After meeting for 25 days, a Missouri grand jury has decided that Ferguson police officer Darren Wilson will face no charges for shooting and killing Michael Brown, an unarmed 18-year-old in August.
The decision, announced Monday night, is a profound disappointment to many seeking justice for Brown and other victims of unjustified police force. However, the discussion that activists are hoping to spark -- in Ferguson and nationwide -- "doesn't start or end" with the grand jury's decision, Montague Simmons, chairman of the Organization for Black Struggle, told CBS News.
"The community's outraged not just by Mike Brown," he said, but also by repeated stories of African-Americans who are wrongly shot by police, like 28-year-old Akai Gurley who was killed in New York last week, or 12-year-old Tamir Rice, who was killed on Sunday in Cleveland.
"Black skin cannot be used as probable cause," Simmons said.
Reports out of Missouri, Rhode Island, New York and elsewhere suggest racial bias in policing is a widespread problem. It's a serious enough concern that the Justice Department in September launched a major, five-city probe into the issue. At the same time, at least one lab-based study out of Washington state showed that local officers were slower to aim their weapons at black suspects in simulated scenarios.
Whether racially biased or otherwise, there's little information available about the use of force by police. The FBI reports on "justifiable" police homicides -- there were 410 in 2012 -- but does not report on unjustified homicides, or about nonlethal uses of force. Only a small fraction of the nation's police forces produce reports on misconduct.
Simmons and others have said that collecting such data would be a strong first step toward improving police conduct and police relations with the communities they serve.
"It would help at least determine whether [racially-motivated] behavior exists," Simmons said.
Still, he insisted it's just the first step.
"The people that were actually hired to protect us -- who were empowered to protect us and our rights -- are attacking us, and it's intolerable," he said. "There are solutions that can actually bring those relationships back into balance, but we need to compel elected officials to do their job."
David Klinger, a University of Missouri-St. Louis professor who formerly served as a police officer, told CBS News that "it's important for people to not draw conclusions that cops are out there looking to shoot people -- they're not."

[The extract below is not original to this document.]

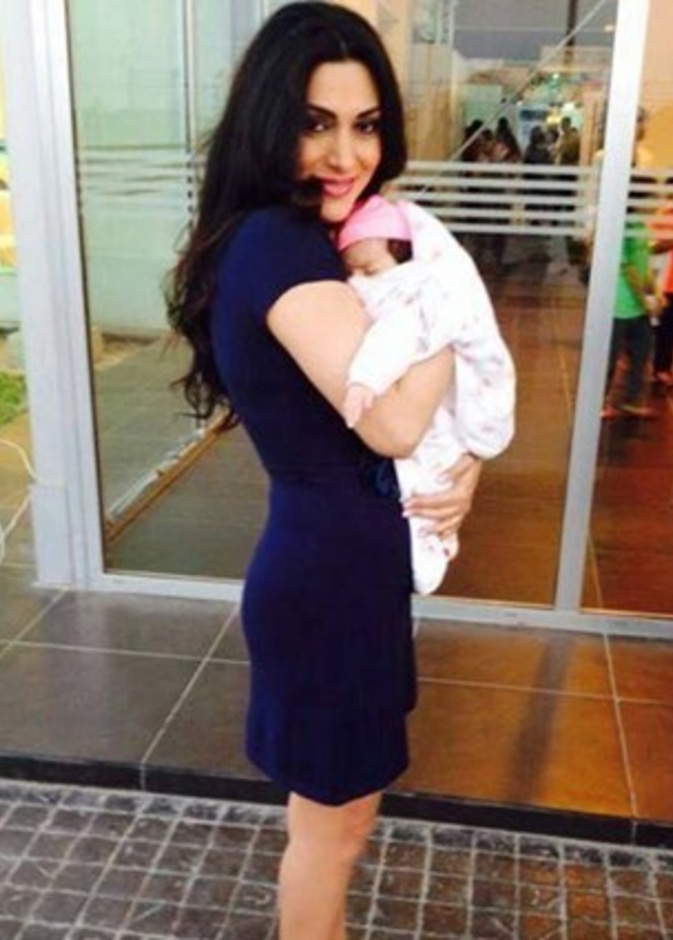 مايا نصري تحمل طفلها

His research into the issue, which has included interviewing hundreds of officers involved in shootings, shows that in "the vast majority of cases where officers have lawful cause to shoot, they hold fire."

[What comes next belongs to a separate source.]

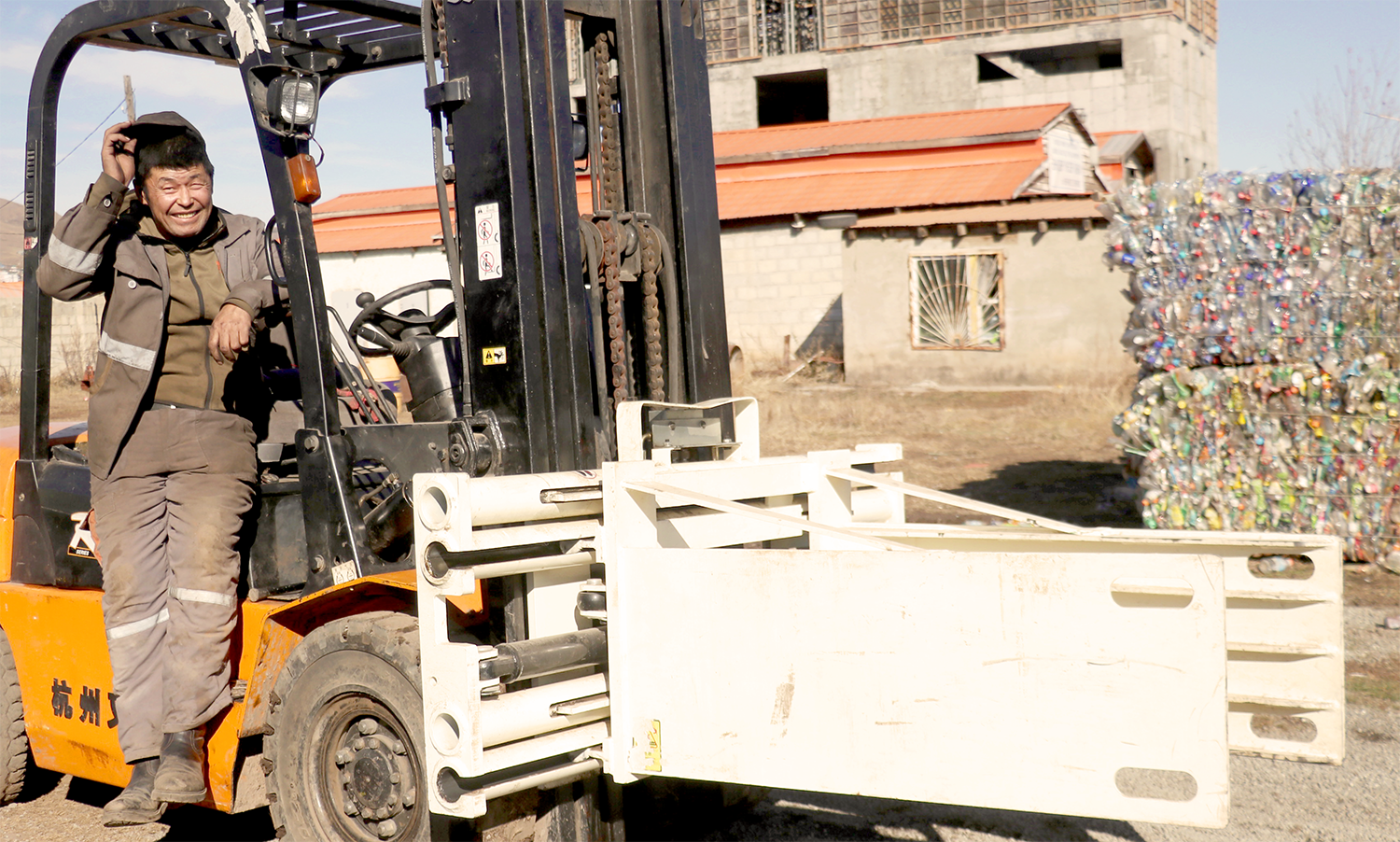 Worker smiling while operating a forklift near a building and a stack of materials.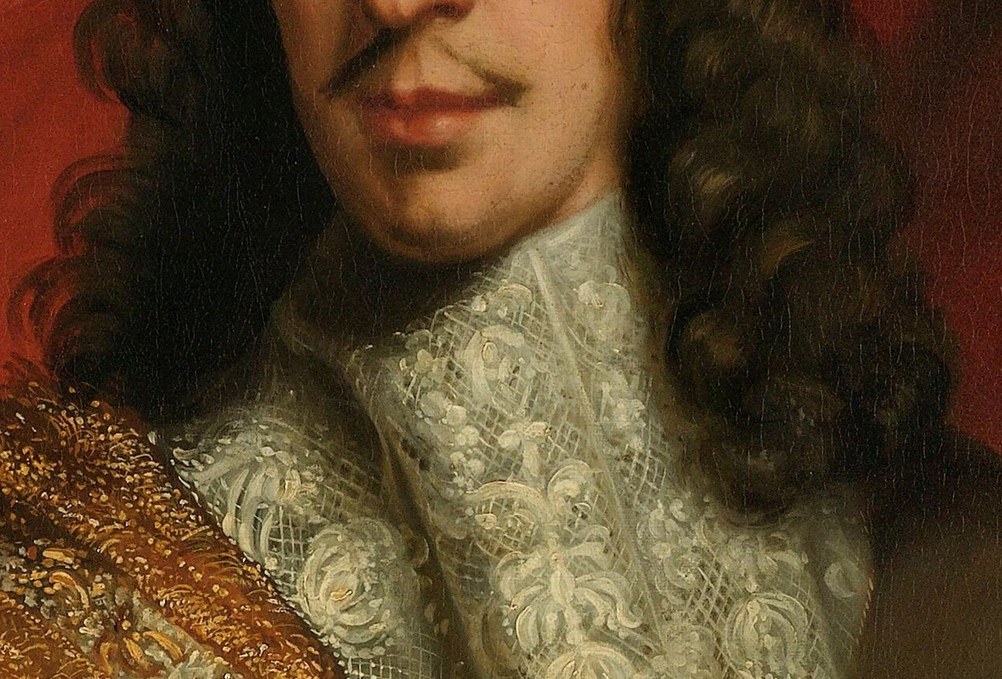 The intricate detail and crisp white of the collar contrast with the darker tones of his attire, highlighting his status.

Still, he said, there are without doubt "lawful but awful" incidents -- where an officer may have been legally justified in using force but did so unnecessarily. Law enforcement officers have a broader right to use force -- including deadly force -- than normal citizens.

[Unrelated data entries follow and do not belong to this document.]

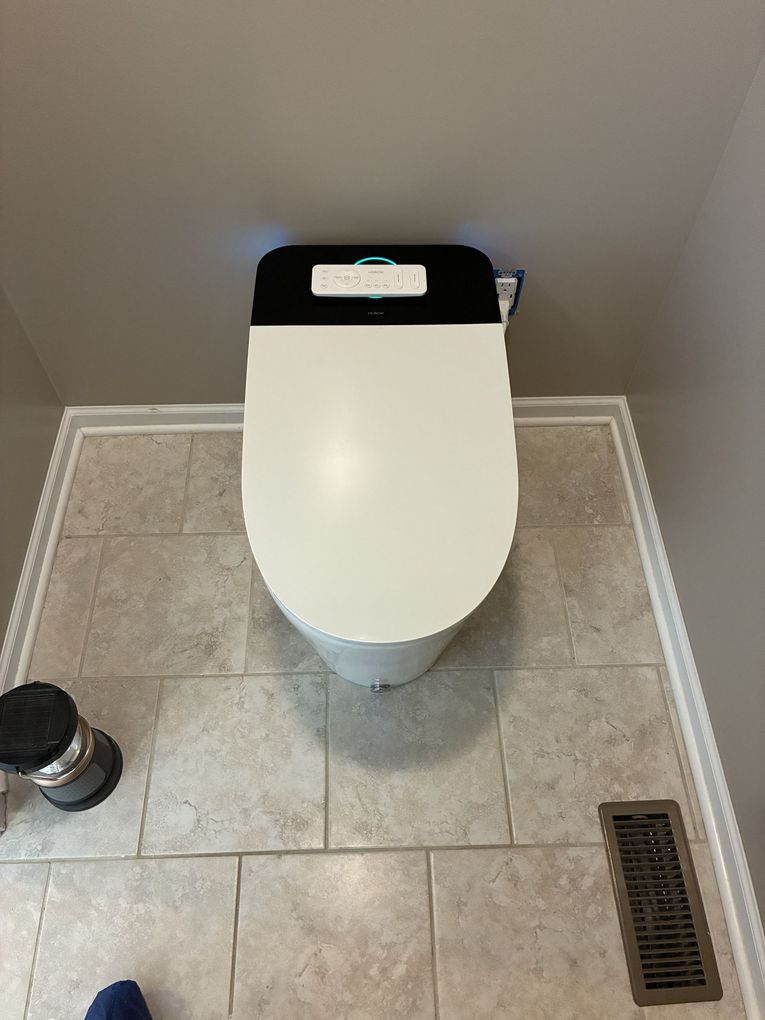 Bright bathroom with a white toilet, beige walls, and carpeted floor near a doorway.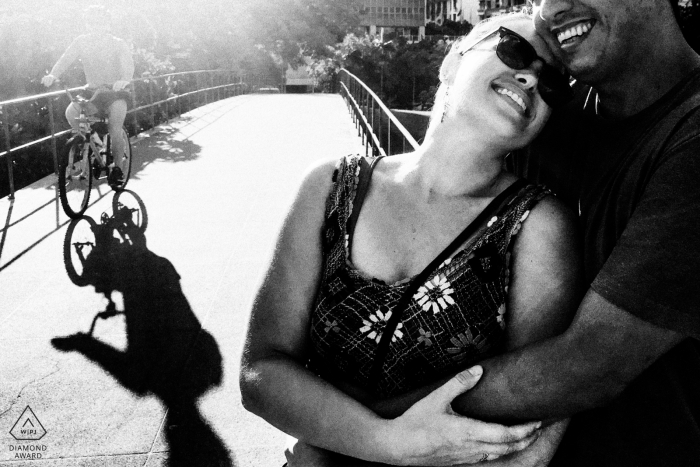 Rio de Janeiro, RJ, Brazil mini urban pic shoot before the wedding day of a couple with a cyclist going by Rio de Janeiro, RJ, Brazil mini urban pic shoot before the wedding day of a couple with a cyclist going by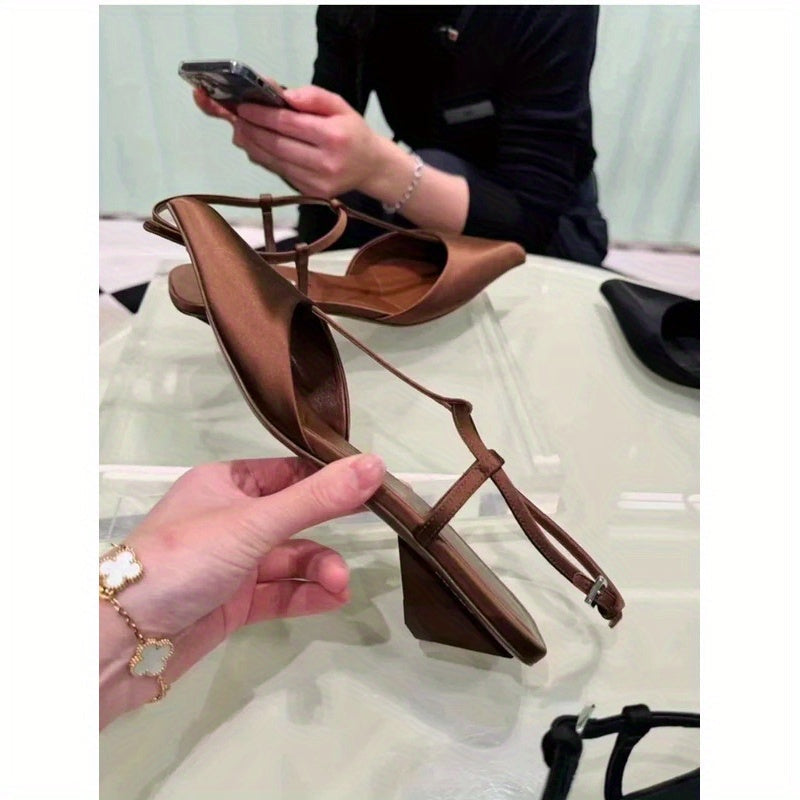 A pair of brown pointed-toe slingback sandals with a low chunky heel held in a hand.
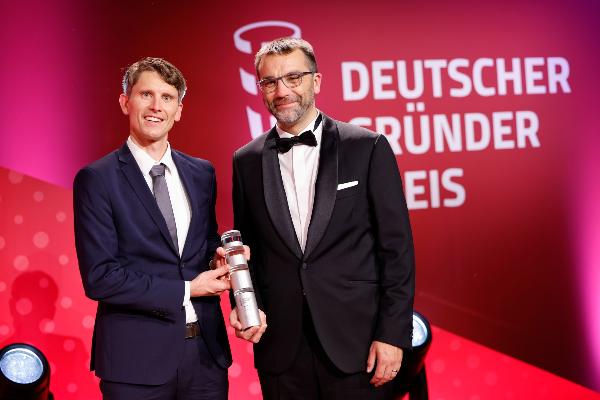 Zwei Männer im Anzug halten den Deutschen Gründerpreis vor rotem Hintergrund mit Logo.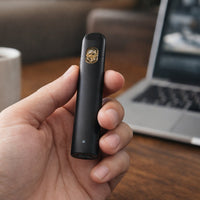 and holding Astro black vape hardware
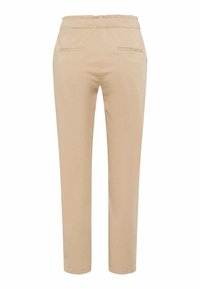 Pantalon beige à jambes droites avec taille élastique et deux poches fendues à l'arrière, vu de dos sur un fond blanc.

"What I can tell you from interviewing officers is... often times the training is not what it should be," Klinger said.
Every state has some kind of licensing process for police officers that mandates certain levels of training, but Klinger said that it's up to the departments themselves to do more than the bare minimum and ensure their officers are ready to engage with their communities. He said that establishing a use-of-force database would be "hugely valuable" for improving those efforts.
"Every time a police officer discharges his or her firearm, we need to know that," he said. "We need to get fine grain information about the incident -- race of those involved, age, what type of weapons did the suspect have, that the officer used."
With that sort of information, he said, "Not only will we be able to track the rate at which cops are shooting, we'll also be able to get valuable information about where the shootings occur so we can improve police training."
After the Michael Brown shooting, the Justice Department stepped into Ferguson to help improve the police department's community relations. Specifically, the Justice Department's Office of Community-Oriented Policing Services (COPS) has been on the ground working with local police forces and community groups.
Along with imparting advice through agencies like COPS, the federal government can encourage stronger police conduct with the grants it doles out. Already, the Obama administration is reviewing policies that let police departments acquire military equipment for free from the federal government. Congress is similarly looking at that issue. A report produced this year by the Brennan Center for Justice suggested at the administration should review all grant programs for police -- not just those which transfer military equipment or funding for military equipment.
Klinger said that relying primarily on reforms at the federal level can make the process unnecessarily political. Furthermore, he noted that there's no "one size fits all" approach to improving police forces' community relations.
"You cannot train a police officer in Bismarck, North Dakota... with the same tactics and procedures as I was trained with in South Central Los Angeles," he said.
Civil rights groups and others have called for other reforms at the local and state level. For example, Trevor Burrus, a research fellow at the libertarian Cato Institute, suggested that after an officer uses force, the adjudication process should be taken out of the hands of the police and their natural allies, like county prosecutors.
"Internal affairs doesn't really seem to work in most situations," he said.
While it's impossible to know how often officers are exonerated for using force, Burrus said his work tracking the issue leads him to believe that officers are let off the hook far too often. The Cato Institute runs the National Police Misconduct Reporting Project, which uses media reports to track alleged and confirmed cases of police misconduct. In 2010, the group found 1,575 reported allegations of excessive force.
"Power without accountability is always a problem," Burrus said.
Simmons agreed that police forces should be subject not just to internal reviews, but civilian oversight as well.
"We've got to get serious about what it means to be held accountable," he said.